He said ownership limits should, if anything, be increased so that no company has that much power over what programming people can see.

Underscoring their point, advocates say that while the number of national television channels has increased greatly, ownership of those outlets has not.
....

Proponents of media deregulation say this sort of analysis ignores economics. Good media executives, they say, know that people will pay well over $50 per month for 200 channels only if they are offered a compelling array of choices.

"Common ownership can lead to more diversity," Mr. Powell said. "What does the owner get for having duplicative products? I don't know why you'd want to have two newspapers that say the same thing. I would say, `Let's make one Democratic, let's make one Republican."'

And, he said, large corporations are often better positioned to start and sustain various media outlets than are smaller companies.

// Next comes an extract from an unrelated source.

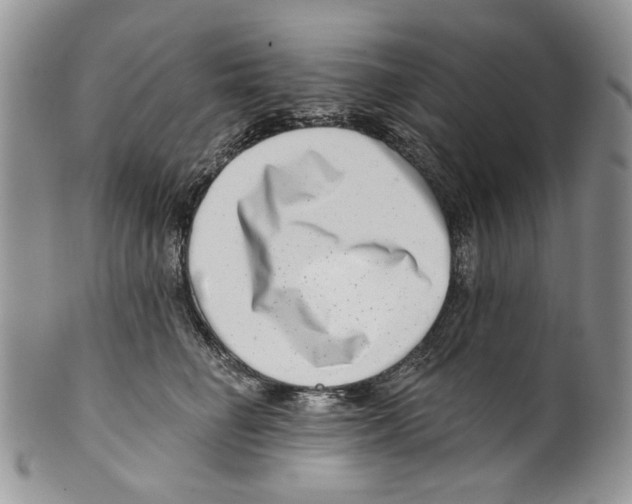 X0000099540662200806131150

For instance, regulators allowed the News Corporation, headed by Rupert Murdoch, to buy The New York Post in 1993, despite its ownership of New York's Channel 5, because the newspaper, owned by the developer Peter Kalikow, was only a breath away from death. That saved a local voice in New York that would have been lost.

And consumer demand has, in fact, pushed cable companies to start their own local news and public affairs channels, adding to diversity. ...

EchoStar, meanwhile, has found that there is money in offering immigrant communities programming from their home countries with Russian-, Arab-, Chinese-, South Asian- and Greek-language packages.

Public interest advocates said all this misses the most important points. They question how many people really use the Internet as a major news source.

According to an F.C.C.-commissioned study, the average television viewer watches more than 2.5 hours of news a week. Mark Cooper, director of research for the Consumer Federation of America, says studies show that people use the Internet for news about one-fifth as much.
...

Still, Mr. Kimmelman said, "This is not to say something horrible happens day in and day out. If it even happens once it wasn't worth the risk of distorting democracy by letting somebody own too much of the media."
...

But, he said, "I don't know that if because you can articulate the anxiety it is a compelling case for having massive structural regulation of the industry."


Of course, there must be some terrible mistake here. Nobody is really disagreeing with the substance of what Professor Krugman is saying, are they Professor DeLong?